There are relatively new systems, 2 to 5 years old, that only did 802.11b.

Then guess what? They were obsolete when released and/or were continued to be produced with obsolete technology long after they should have changed. Just because someone kept making it and someone else bought it doesn't change that. It's 2014, five years old would be from 2009 when 802.11n was officially ratified and draft-N hardware had been on the shelves for months. If anyone was buying hardware that only does 802.11b in 2009, that's their own fault for being fucking stupid.

To argue that a technology which is 15 years old and has gone through three further generations since which scaled performance exponentially isn't obsolete is just crazy talk.

Comment Re:so what about all my old devices? (Score 1) 254

A more realistic reason is that many people just don't have the option of running cabling through an existing property - people who rent.

As someone who's never owned a structure but has had wired ethernet in every room of every place he's lived, I have to call bullshit.
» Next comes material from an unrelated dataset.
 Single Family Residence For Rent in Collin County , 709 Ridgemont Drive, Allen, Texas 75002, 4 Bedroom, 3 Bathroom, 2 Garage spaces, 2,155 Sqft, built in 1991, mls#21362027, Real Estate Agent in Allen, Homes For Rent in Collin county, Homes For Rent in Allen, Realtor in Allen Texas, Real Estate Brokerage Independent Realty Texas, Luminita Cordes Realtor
Sure, wiring is harder when you rent, but it's not impossible.

Some landlords actually welcome the improvements, seeing the value in modern connectivity, and allow more traditional wiring to take place. My current rental house is like this and over the month I've lived here I've spent an hour or two per weekend with fiberglass rods, fish tape, and a cable bit getting Cat6 from a patch panel placed in the office to the TV, bedrooms, garage, and anywhere else a permanent network device sits.

Others may not be officially interested in such things, but that doesn't mean you can't do them anyways. Ethernet cables are tiny, the hole required to pass one through a wall is trivial to patch over. If you have attic or basement access as I did in my last apartment, you can often follow existing cable or telephone lines from there in to the wall, then just swap the faceplate from the single outlet to a dual combo or a keystone-style configuration. In that last place the laundry room had a vent pipe going straight to the attic. I used that to get wires upstairs for the bedrooms by just climbing up there and dropping some plenum-rated wire down the tube. The other ends followed a cable wire down in to one of the bedrooms and was just punched through the wall behind the box to reach the other room.
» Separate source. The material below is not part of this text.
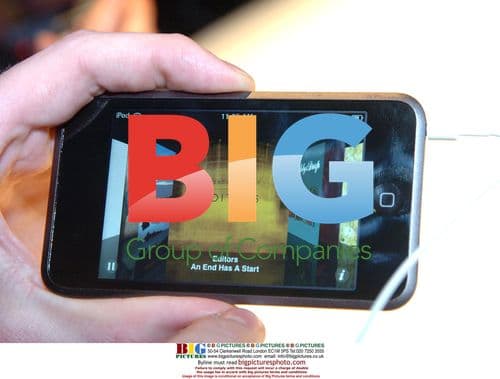 Apple Unveils iTouch iPod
Tucking wires along baseboards, running them under carpet, through ducts, etc. All great ways to run low-voltage wire in a residence when you can't just do it the right way. I'd never recommend a business network be done this way nor anything carrying dangerous power levels, but for home ethernet it's perfectly safe and much better than any wireless ever will be.

Comment Re:Fixing literally everything (Score 1) 96

LAN parties are still alive and well. Yeah, in the era of broadband it's a lot harder to justify the old two-man LAN when Hamachi and the like make VPNs accessible to the masses and most games support easy connection to your friends online, but the experience of getting together with a bunch of friends and competing or cooperating in the same room is hard to beat.

Just last weekend I hosted a small LAN. Just six people showed up due to the weather, but we still had a great time. Cooperative titles like Payday 2 and TF2's Mann vs. Machine mode are great fun online with a good team, but it's just so much easier to communicate and coordinate in person that it ends up making things move more smoothly even when they're going horribly wrong in-game, making it more fun win or lose. Competitive titles are usually built for more people so we'd need closer to our normal of 10-12 for most of them to work, but topically enough a Starcraft II community gamemode called Squadron Tower Defense works brilliantly for 2v2 through 4v4 (1v1 is doable but has no margin for error).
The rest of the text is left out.